Gerakan pemuda seperti Boedi Oetomo atau perkumpulan Jong dari berbagai propinsi, sejatinya adalah senjata kelompok Freemason atau dalam bahasa Belanda Vrijmetselarij yang turut berperan dalam proses kemerdekaan Indonesia, di mana kemerdekaan Indonesia sendiri bukanlah karena murni berdasarkan ide kemerdekaan yang dicantumkan dalam Pembukaan UUD 45. Melainkan atas gagasan untuk menjadikan Indonesia sebagai lahan perah bagi kepentingan Freemason. Mengapa? Karena sejumlah tokoh bangsa adalah anggota perkumpulan tersebut.

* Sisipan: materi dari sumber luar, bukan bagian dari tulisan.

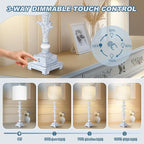 33'' Touch Table Lamp Set of 2 for Living Room , 3-Way Dimmable Buffet Lamps with USB Ports and White Shade, Vintage Farmhouse Bedside Nightstand Lamps for Bedroom Office Study Dinning (Bulb Included)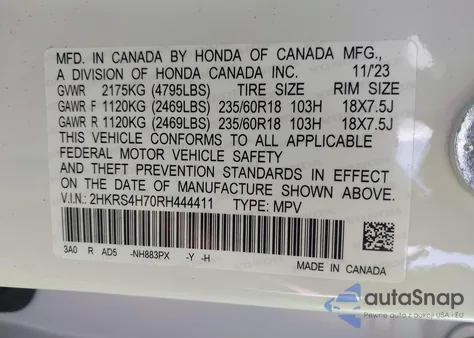 2024 Honda Cr-V Ex-L Awd из США, поврежденный, VIN 2HKRS4H70RH444411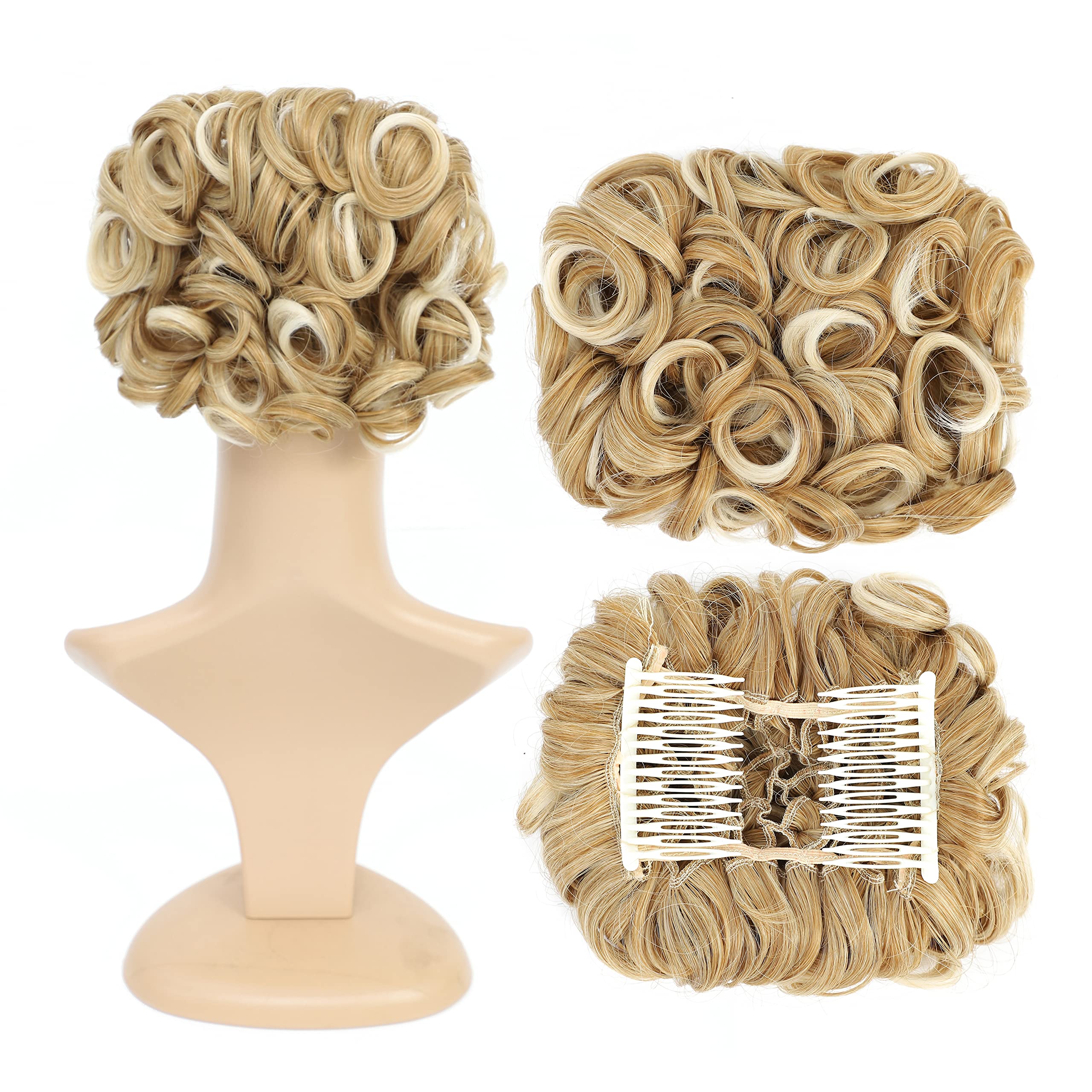 Blonde Mixed-27T613# : SWACC Short Messy Curly Dish Hair Bun Extension Easy Stretch hair Combs Clip in Ponytail Extension Scrunchie Chignon Tray Ponytail (Blonde Mixed-27T613#)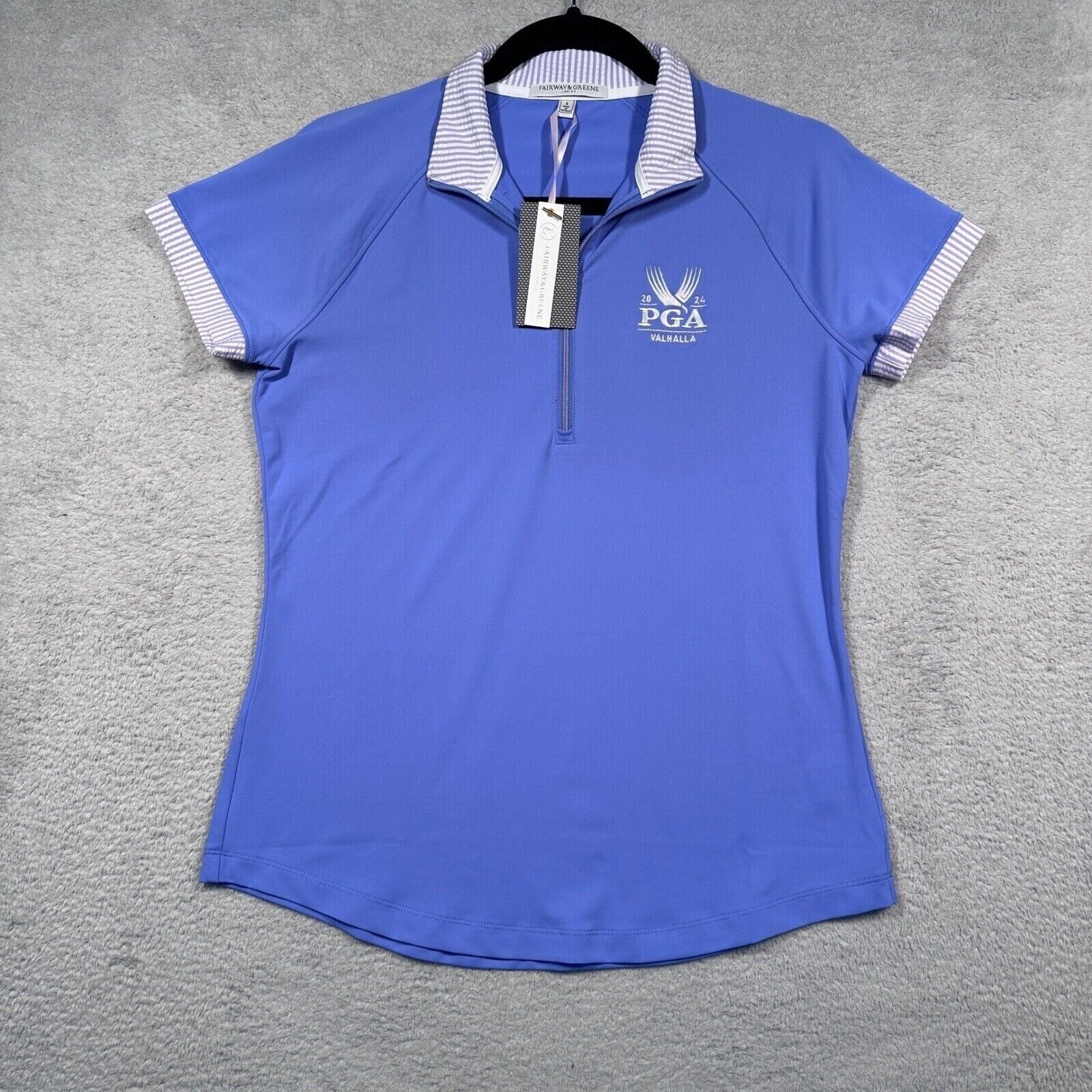 NWT Fairway & Greene Claudia Zip Mock Golf Polo 2024 PGA Valhalla Blue Women S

Monsterverbond adalah kelompok elit dalam VOC yang terdiri dari tiga pilar seperti disimbolkan dalam lambang mason. Dua pilar utama yang melambangkan pilar Jachin dan Boaz adalah gerbang menuju pilar selanjutnya dalam simbol kuil Solomon yang disebut altar batu. Monsterverbond dalam VOC digerakkan oleh dua orang asing dan seorang pribumi. Sejatinya Monsterverbond yang menjadi elit penggerak dalam VOC adalah bagian dari kelompok Freemasonry atau Vrijmetselarij. Dalam sejarah Indonesia pola ini terus menerus dipertahankan. Oleh karena itu banyak tokoh-tokoh di era awal kemerdekaan Indonesia juga masuk dalam kelompok Freemasonry ini, dan tanpa pernah ditulis di buku-buku sejarah sekolahan, merupakan rekanan dengan tokoh-tokoh VOC.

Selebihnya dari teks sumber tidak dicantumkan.